Porn stars could soon be forced to don far more protection than just condoms in California. New rules proposed last week by the state’s Division of Occupational Safety and Health Standards (OSHA) would require adult film actors to wear eye gear for many scenes. The rules, which have yet to be finalized, would also impose strict hygiene standards and outlaw common porn practices.

My first problem, and not really the main point of the post but these are adults who signed up for work that has certain “hazards” let them work.  But this is not a small government rhetoric post, instead it is about unintended consequences that are not new.  Production, and thus tax revenue, will leave!

A few years back LA passed a semi-similar protection measure by requiring condom in porn shoots and as the LA Times highlights it was devastating for the industry in LA

The number of permits issued for X-rated productions plummeted about 90% to just 40 permits last year compared with 2012, according to data from FilmL.A. Inc., the nonprofit group that handles film permits for the city and county. Only 20 permits have been issued so far this year.

The decline follows the passage in late 2012 of a county law mandating condom use by performers.
Porn Permits Drop Dramatically in L.A. After New Condom Law

“We’ve seen a dramatic drop in permits,” said Paul Audley, president of FilmL.A. “It is a cause for concern that people who are manning the cameras, lights and other things on those sets are not working anymore…. It’s not helpful to have another segment of the industry leave the region.”

The decline in permitted shoots for adult entertainment comes at a time when L.A.’s workforce has been hammered by one of the state’s highest unemployment rates. The entertainment industry has also been hurt by the flight of mainstream movies and TV shows to other cities and states offering tax breaks and rebates.

Although critics say it’s unclear how many companies may be filming illegally without permits, porn producers say they’re taking their business to other counties in Southern California, as well as Nevada, Florida and Eastern Europe, where they say they face fewer regulations. The industry also has been forced to downsize amid declining DVD sales and free porn on the Internet.

“We’re not shooting in L.A. anymore,” said Steven Hirsch, founder and co-chairman of Vivid Entertainment. “We’d like to stay here. This is our home, where we’ve produced for the last 30 years. But if we’re forced to move, we will.”

The situation is the same at Penthouse Entertainment in Chatsworth.
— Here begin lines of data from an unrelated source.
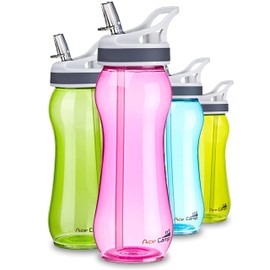 AceCamp Tritan 15534 Drinking Bottle Sports Water Bottle Leak-Proof BPA Free with Straw Pink 550 ml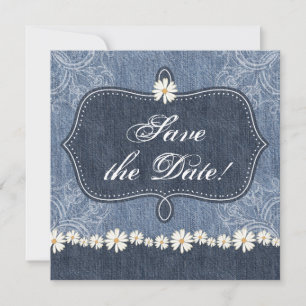 Anuncio de Denim n Daisies Save the Date Western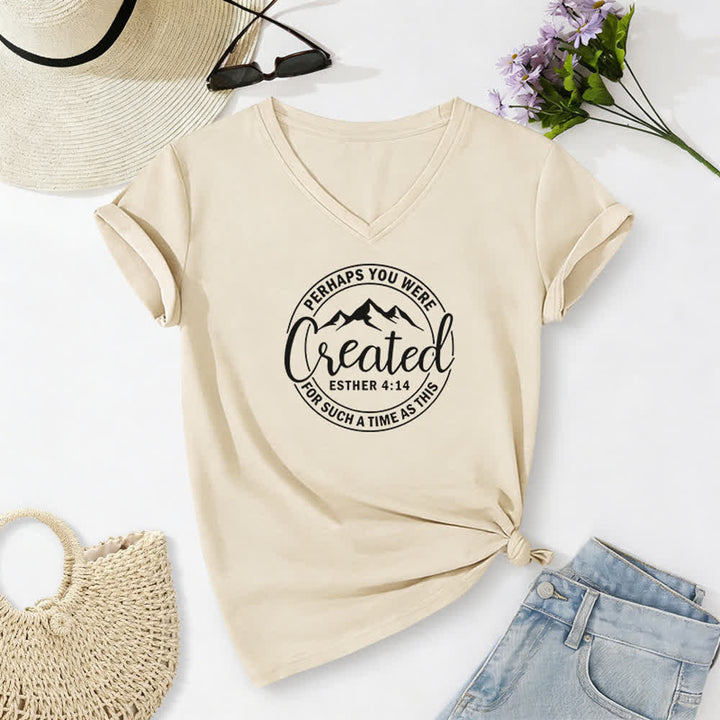 Christianartworkshop Damen-T-Shirt mit V-Ausschnitt und Aufdruck „Vielleicht wurdest du erschaffen“ - Beige - 2XL - image 8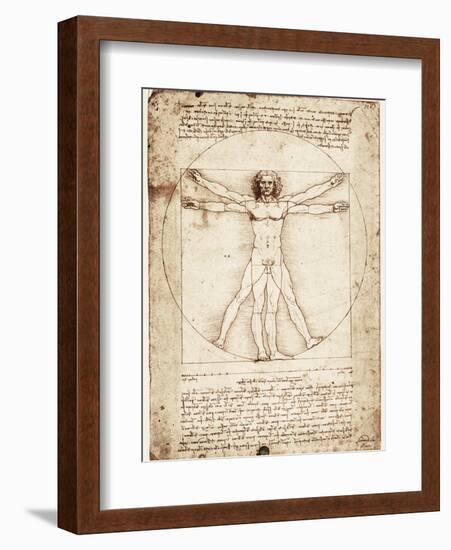 Vitruvian Man-Leonardo da Vinci-Framed Art Print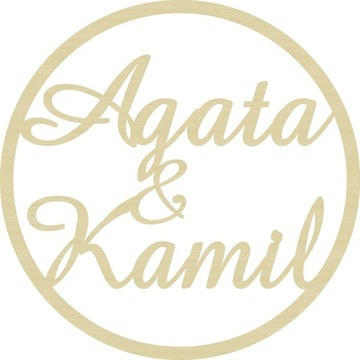 Украшение обода круга с именами Имя Свадьба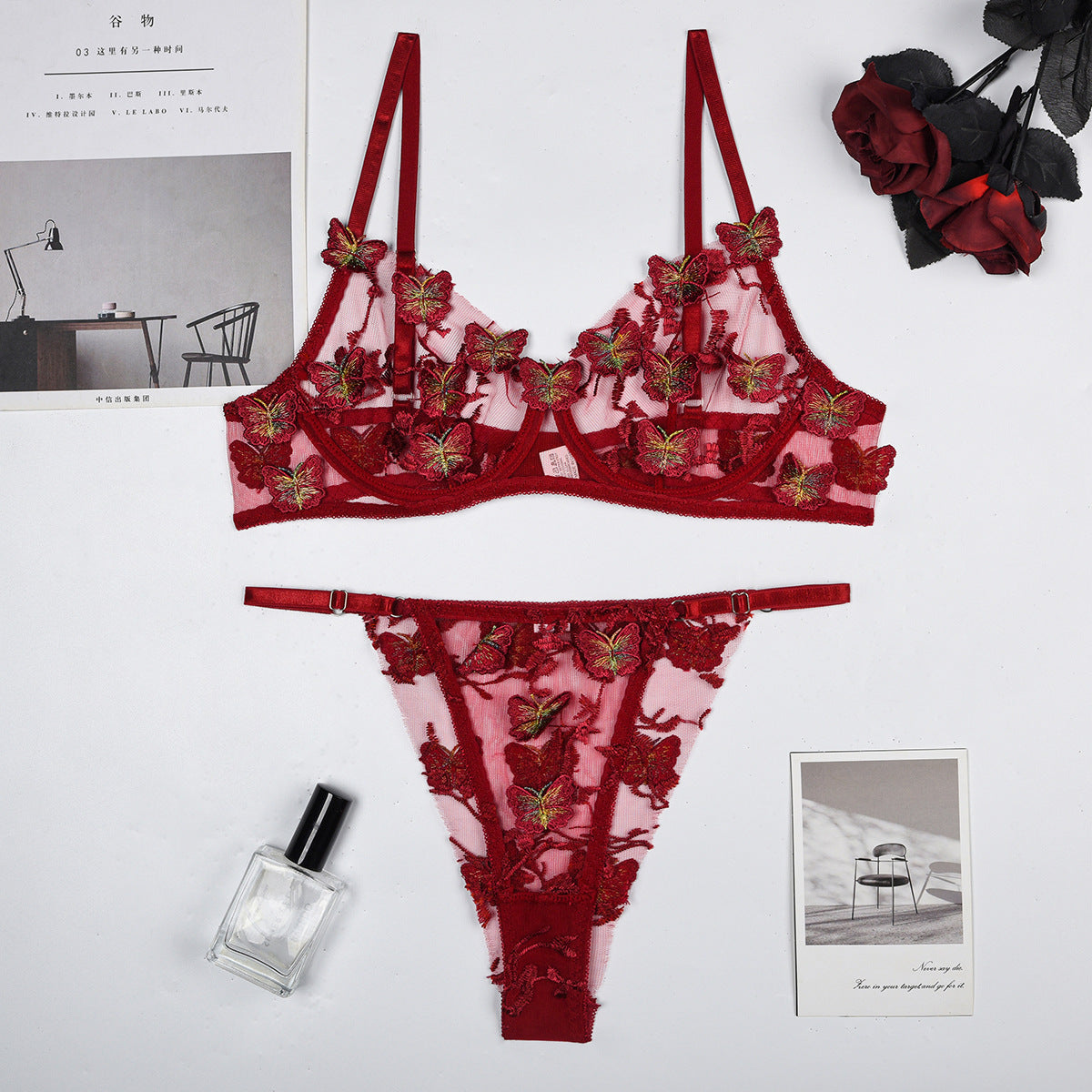 Butterfly Embroidery  Lingerie 2 Piece Set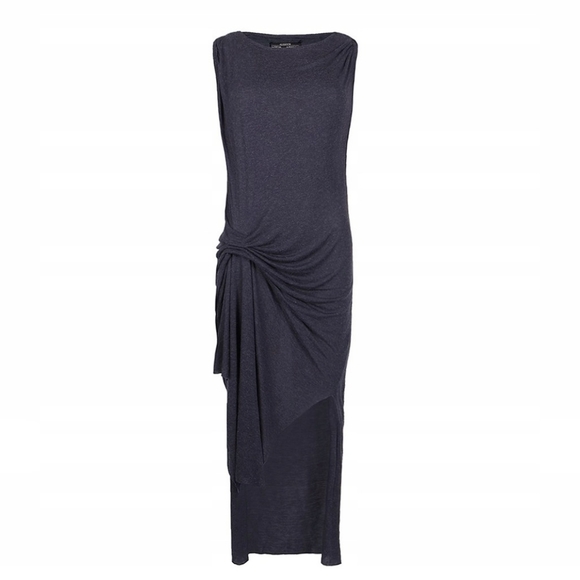 Allsaints Riviera Jersey Gathered Asymmetrical Dress Angora Viscose Sz 6 - Picture 5 of 16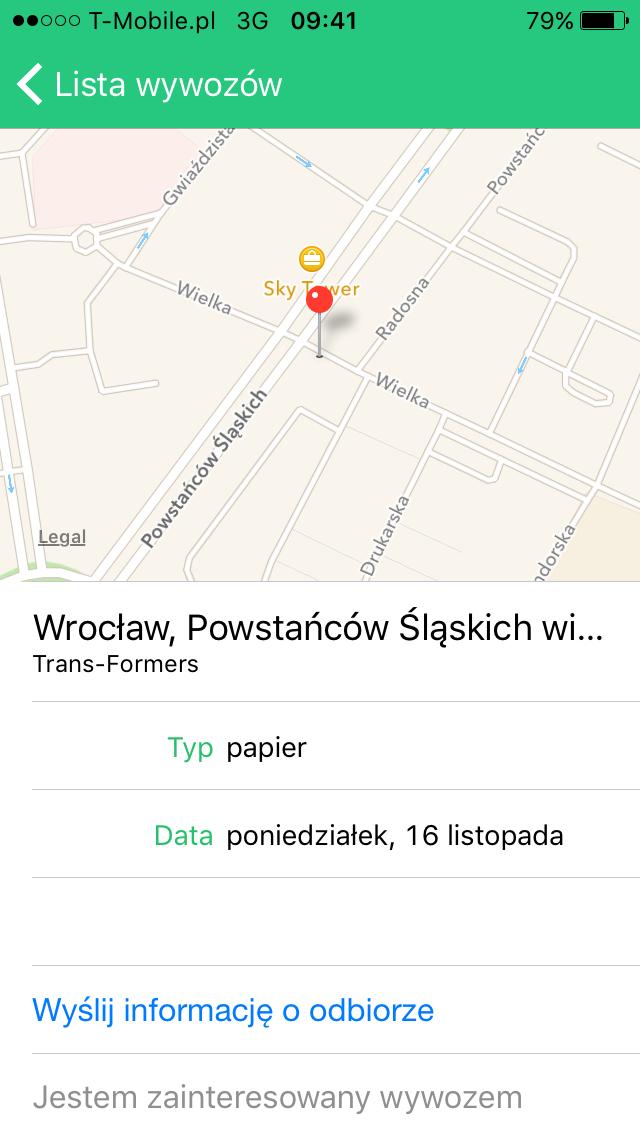 LISTA WYWOZÓW Po powrocie do ekranu głównego wyświetlone zostaną harmonogramy wywozu odpadów dla wybranych lokalizacji. Przykładowy harmonogram prezentuje rysunek obok.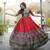 Red Dola Printed Gown     Ethnic Wear for All Occasions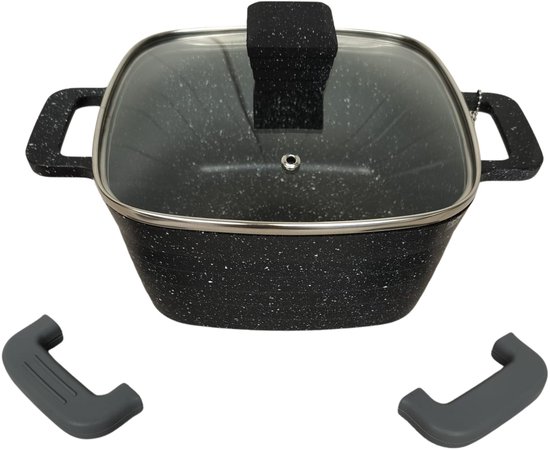 WECOOK! Professionele hoge kookpan met glazen deksel 24 cm inductie, ecologische anti-aanbaksteen zonder PFOA, gesmeed aluminium, 2,8 mm dik, koper, roestvrijstalen handgreep, vitrokeramiek, gas, oven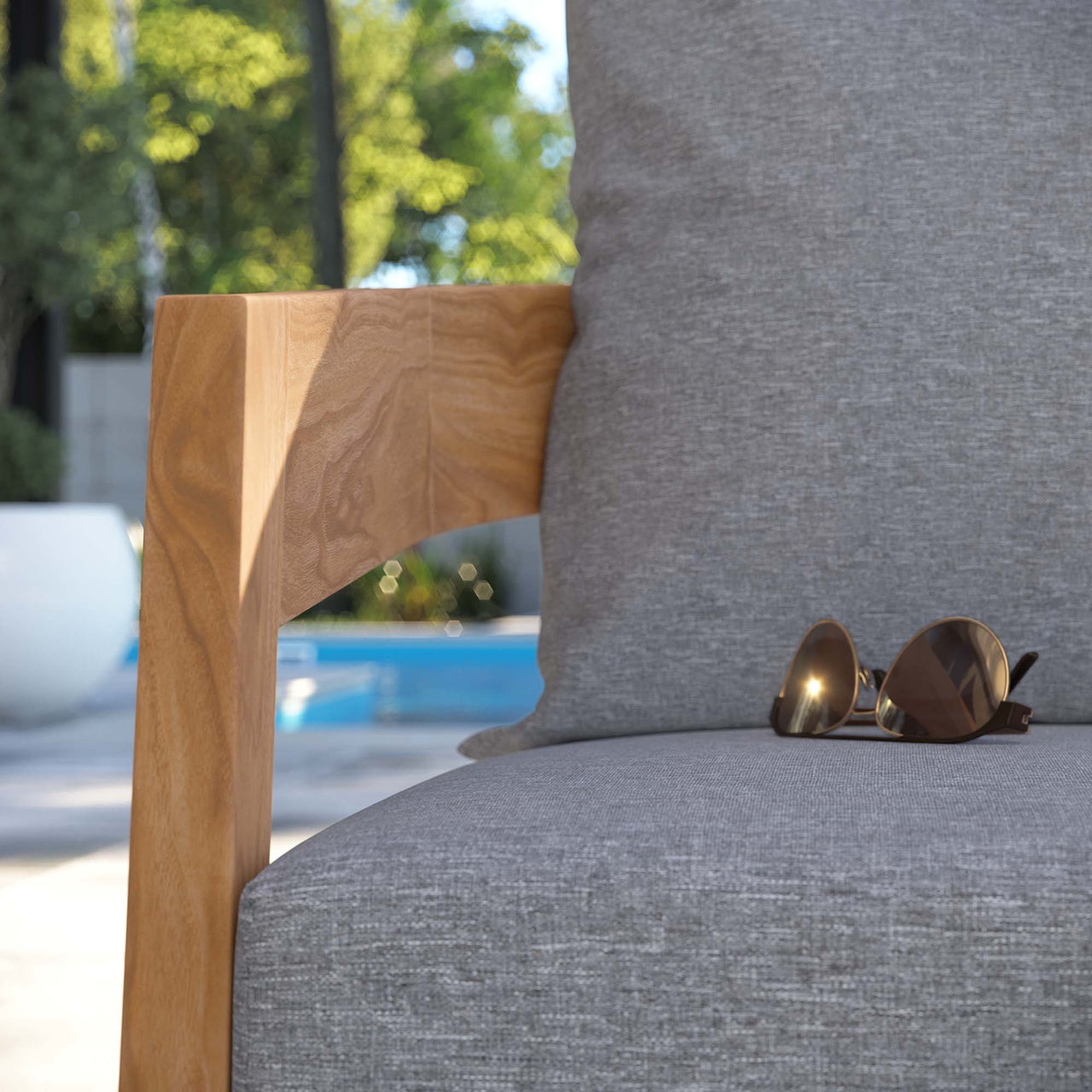 Teca Alfresco Armchair, Natural Wood & Gray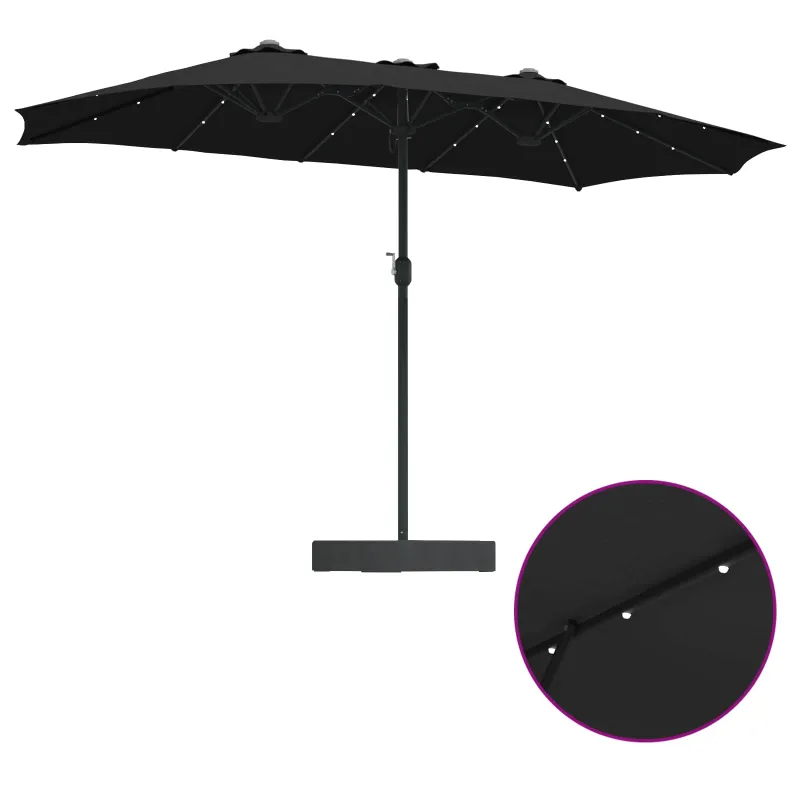 Sodo skėtis Juoda 385 x 209 x 244 cm Poliesteris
The company, which has 10 television channels and produces up to 80 movies a year, has stopped all local film shoots.

“This month we’re shooting 10 movies in Brazil,” said Kelly Holland, managing director for Penthouse Entertainment. “Last month, we shot five movies in Europe. It’s just too complex to shoot here.”

The decline in adult entertainment has been widely felt in the San Fernando Valley, where much of the multibillion-dollar industry is concentrated.

Although porn production accounts for less than 5% of all film permits, the industry has traditionally been an important contributor to the local economy. A decade ago, local economists estimated that the porn industry in the San Fernando Valley generated 10,000 to 20,000 jobs annually and had $4 billion in annual sales.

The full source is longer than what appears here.